_WHAT TO WORK ON_
An exact reproduction of the records is required, with all pictures omitted.

(Items from a dataset)
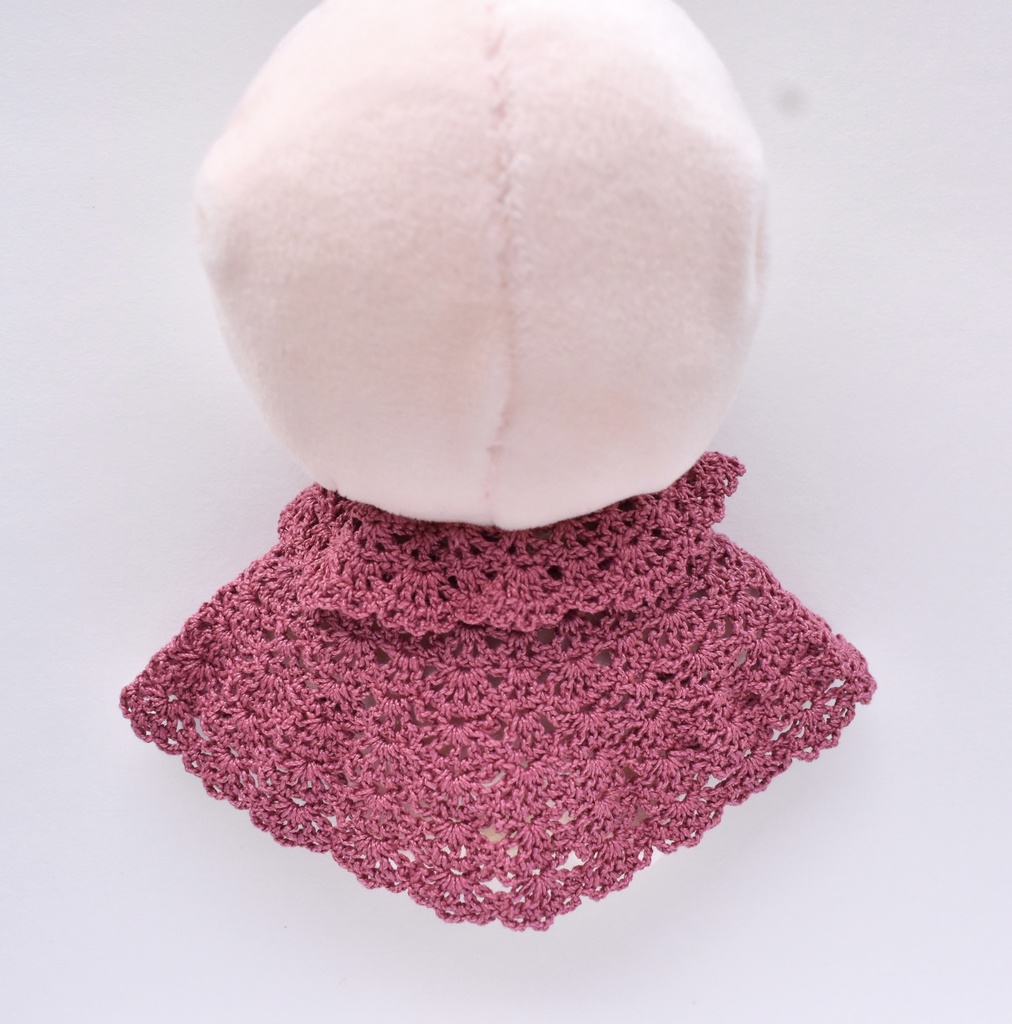 10~15cm ぬいぐるみ 着せ替え服 ケープ レース編み リボン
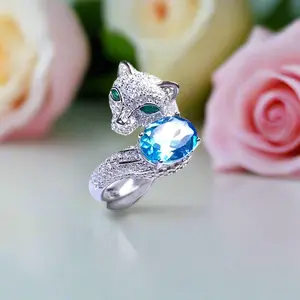 Oval Cut Topaz Cat Ring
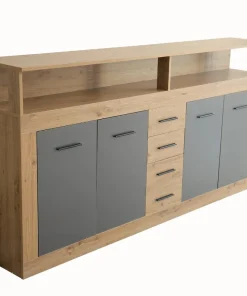 Buffet style industriel L190cm 4 portes er 4 tiroirs Lunata Chêne et Gris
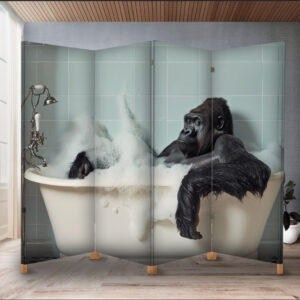 Декоративний екран ширма з принтом "Мавпа горила тварина купається у ванній"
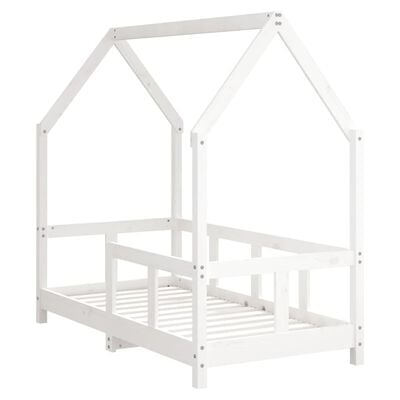 vidaXL Cadre de lit pour enfant blanc 70x140 cm bois de pin massif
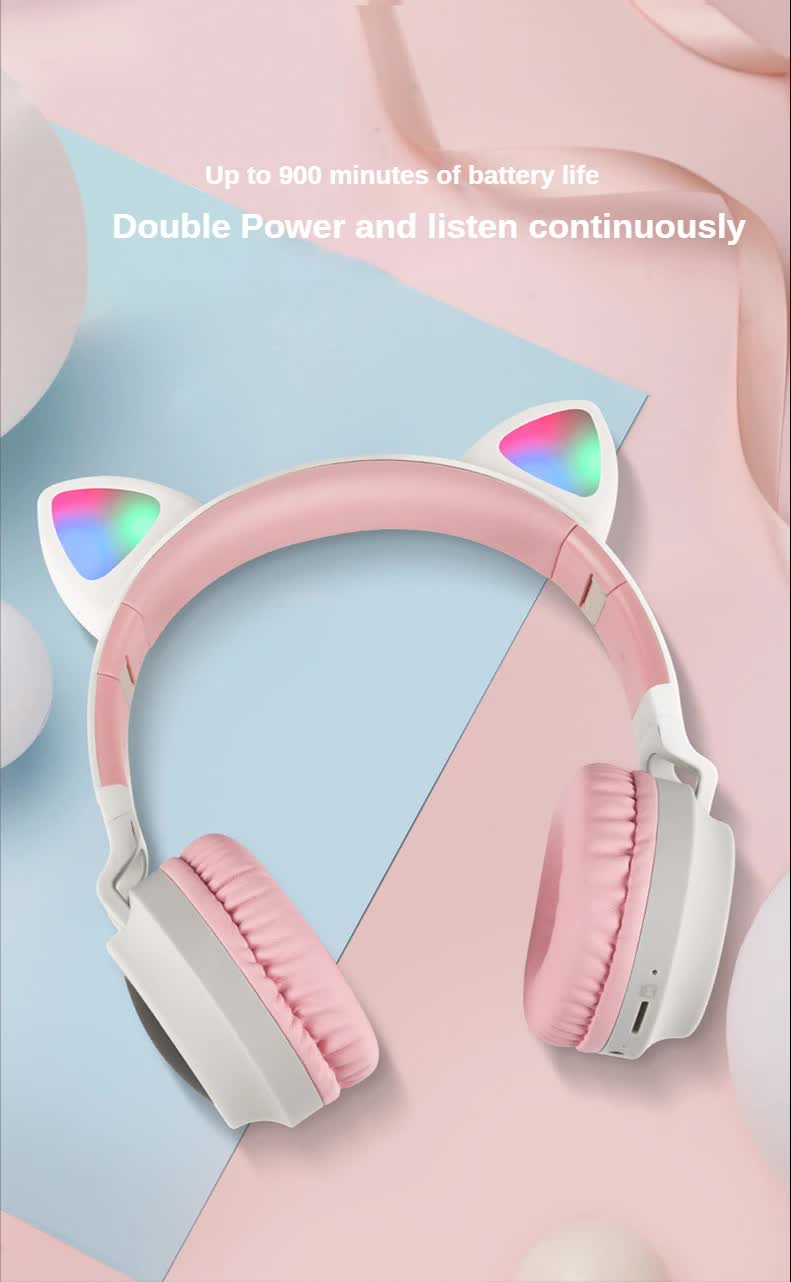 Blue And Grey Cat Ear Bluetooth Headphones with LED Lights - Wireless, Foldable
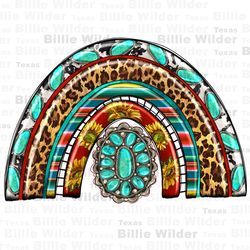 western rainbow with leopard and gemstone png, western design png, turquoise gemstone png, western patterns png, sublima
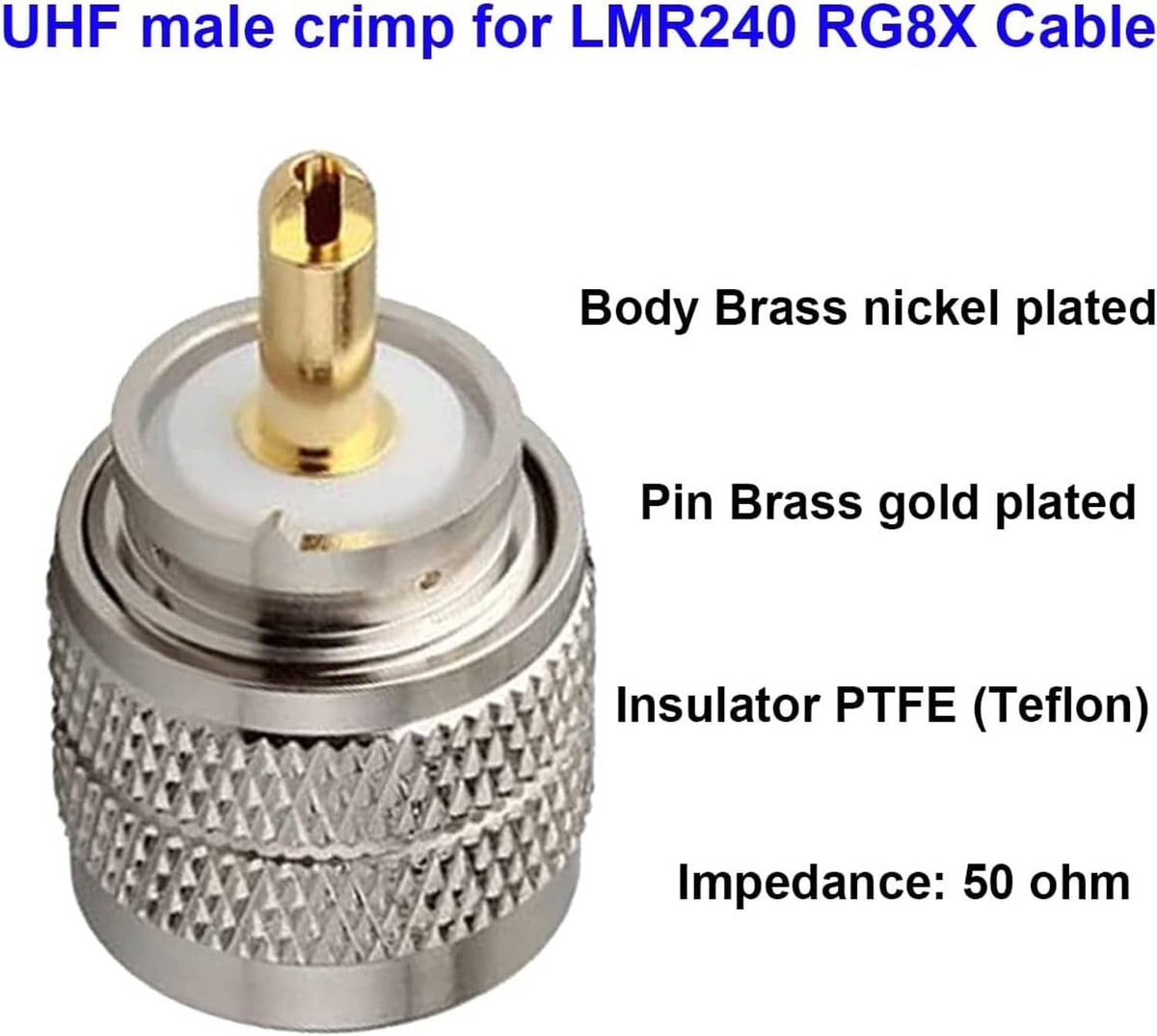 Solid Spare 10pcs SL16 male UHF-J-3M connector with SYV50-3/RG58 RF copper shaft all copper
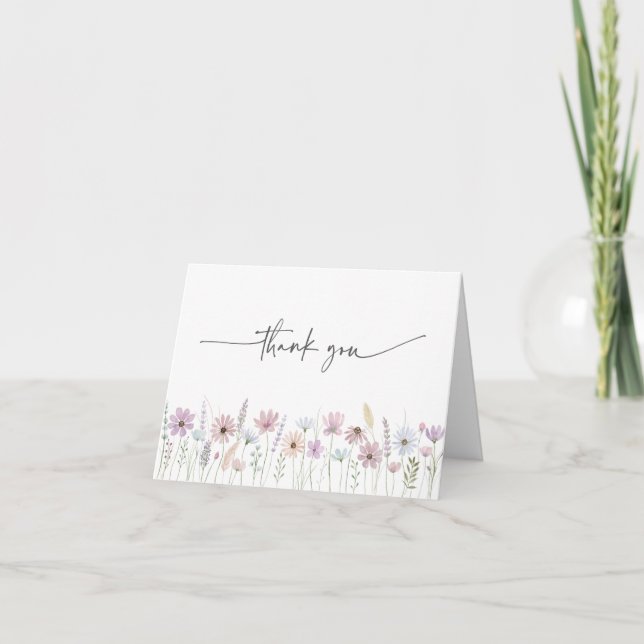 Vintage Pastel Wildflower Wedding Thank You Card (Front)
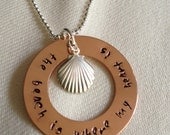 The Beach Is Where My Heart Is- Hand Stamped Hand Made Sterling Silver and Copper Necklace, Shell Charm, Beach Inspired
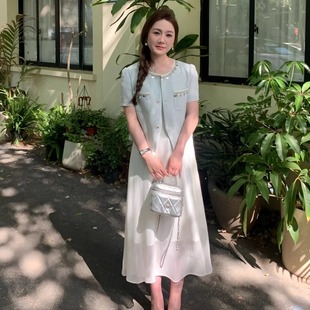 大码 一整套 千银丝外套蕾丝连衣裙小香风套装 女微胖mm2025超火夏装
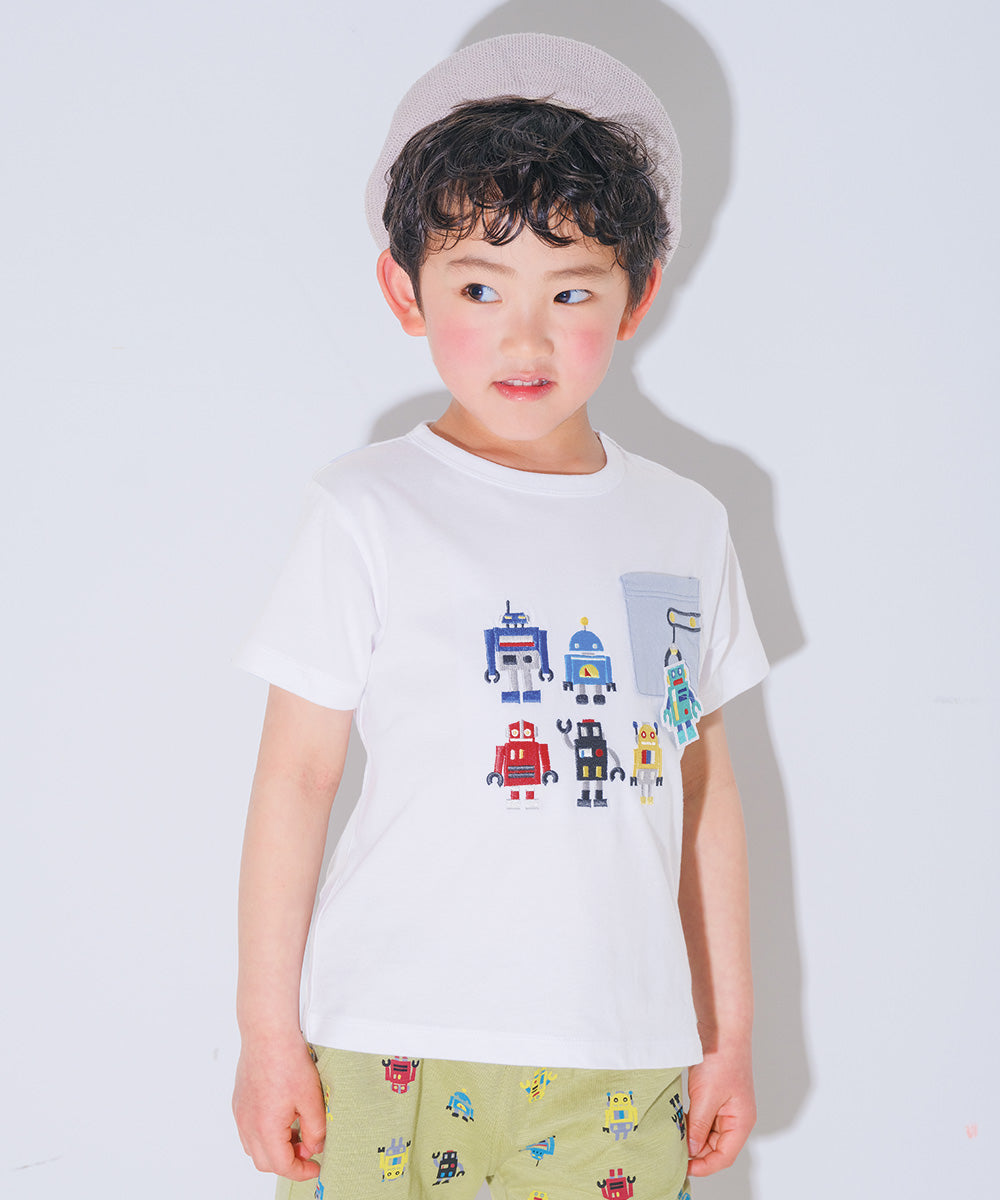 綿100％ ロボット 刺繍 半袖 Tシャツ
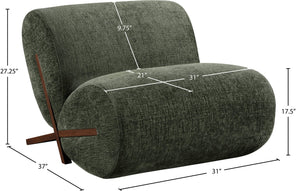 Meridian Furniture Akira Art Deco Sculptural Accent Chair with Plush Upholstery and Wood Base for Living Room Green Style 3 33073Green-C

_TASK RESPONSE_
 10~15cm ぬいぐるみ 着せ替え服 ケープ レース編み リボン
 Oval Cut Topaz Cat Ring
 Buffet style industriel L190cm 4 portes er 4 tiroirs Lunata Chêne et Gris
 Декоративний екран ширма з принтом "Мавпа горила тварина купається у ванній"
 vidaXL Cadre de lit pour enfant blanc 70x140 cm bois de pin massif
 Blue And Grey Cat Ear Bluetooth Headphones with LED Lights - Wireless, Foldable
 western rainbow with leopard and gemstone png, western design png, turquoise gemstone png, western patterns png, sublima
 Solid Spare 10pcs SL16 male UHF-J-3M connector with SYV50-3/RG58 RF copper shaft all copper
 Vintage Pastel Wildflower Wedding Thank You Card (Front)
 The Beach Is Where My Heart Is- Hand Stamped Hand Made Sterling Silver and Copper Necklace, Shell Charm, Beach Inspired
 大码 一整套 千银丝外套蕾丝连衣裙小香风套装 女微胖mm2025超火夏装
 綿100％ ロボット 刺繍 半袖 Tシャツ
 Meridian Furniture Akira Art Deco Sculptural Accent Chair with Plush Upholstery and Wood Base for Living Room Green Style 3 33073Green-C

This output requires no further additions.